# [Excerpted records]
=== Begin Enclosure ===

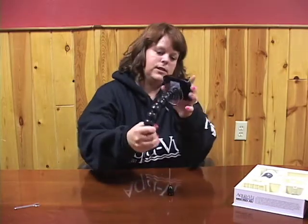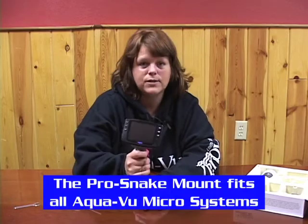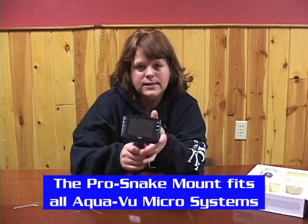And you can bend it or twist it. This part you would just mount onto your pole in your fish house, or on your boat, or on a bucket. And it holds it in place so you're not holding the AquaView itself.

=== End Enclosure ===
=== Begin Enclosure ===

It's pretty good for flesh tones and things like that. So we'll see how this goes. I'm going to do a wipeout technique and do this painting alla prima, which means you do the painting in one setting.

=== End Enclosure ===
=== Begin Enclosure ===

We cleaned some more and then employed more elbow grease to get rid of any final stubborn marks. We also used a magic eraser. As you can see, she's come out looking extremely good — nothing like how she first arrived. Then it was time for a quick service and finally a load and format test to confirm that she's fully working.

=== End Enclosure ===

# [Task objective]
Copy each line above that has the word "like".

# [Task result]
It's pretty good for flesh tones and things like that. So we'll see how this goes. I'm going to do a wipeout technique and do this painting alla prima, which means you do the painting in one setting.
We cleaned some more and then employed more elbow grease to get rid of any final stubborn marks. We also used a magic eraser. As you can see, she's come out looking extremely good — nothing like how she first arrived. Then it was time for a quick service and finally a load and format test to confirm that she's fully working.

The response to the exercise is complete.